Hence, with continuous compounding the price of such a bond would be $$p_t=(L+k)e^{-rt}$$ where $r$ is the annual continuous risk-free rate for the period of time that divides us from the first payment and $t$ is its length.

If we want to know how the price changes when $r$ changes we just derive the price to get $$\frac{\partial p_t}{\partial r}=-p_t\cdot t$$

So, does it make sense talking about duration of a floating rate bond? Isn't it enough to refer to the derivative computed above? How could the notion of duration be applied in such a situation where we do not know future cash flows?

Thank you in advance.

Answer 1

Yes. the duration of a floating rate bond is the time t until the next coupon payment, as your equation shows. The payments that come after are not known yet and will be determined based on interest rates then prevailing, so they carry no duration risk.

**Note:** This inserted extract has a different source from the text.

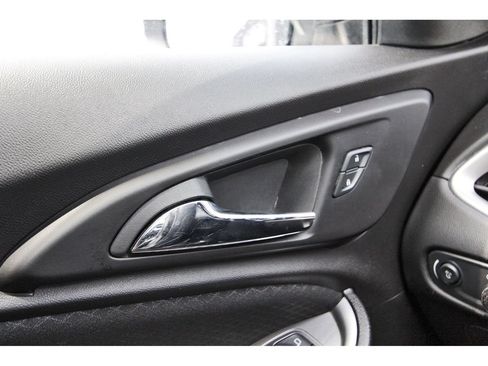 Used 2025 Chevrolet Malibu LT FWD image 24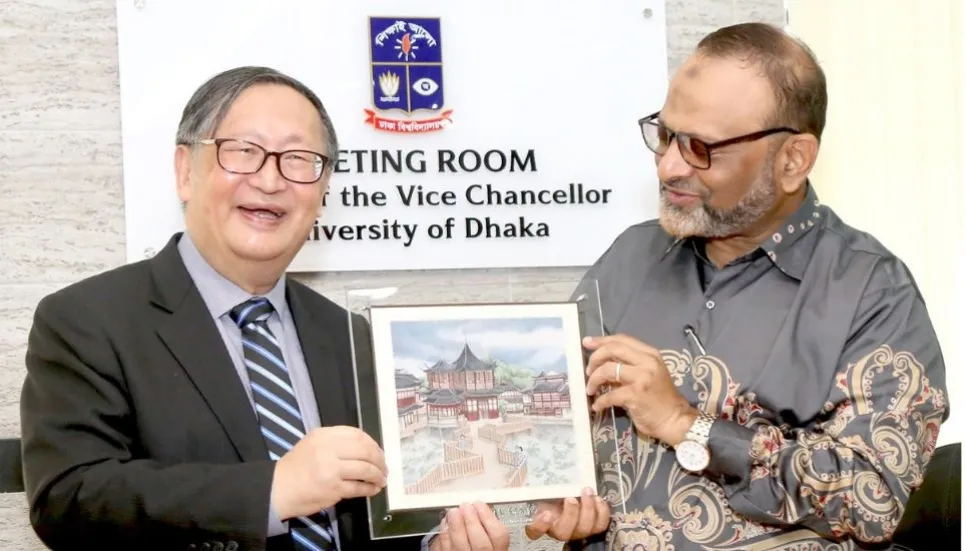 Chinese Prof Dr Jiemian Yang calls on DU VC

In general floating rate bonds are what people buy when they want the smallest duration possible. Long term ZCB are what people buy when they want the longest possible duration.

Answer 2

Yes it does make sense.

As your equation correctly point out that only the next coupon is exposed to the yield curve changes, the bond price should be sensitive to the yield corresponding only to the next coupon.

The duration of the bond will be approximately $-t = \frac{-p_t \cdot t}{p_t}$.

Approximately because your derived equation gives a change in price for an infinitesimal yield change. A floating rate bond's duration is given by $e^{-\delta r \cdot t}-1$.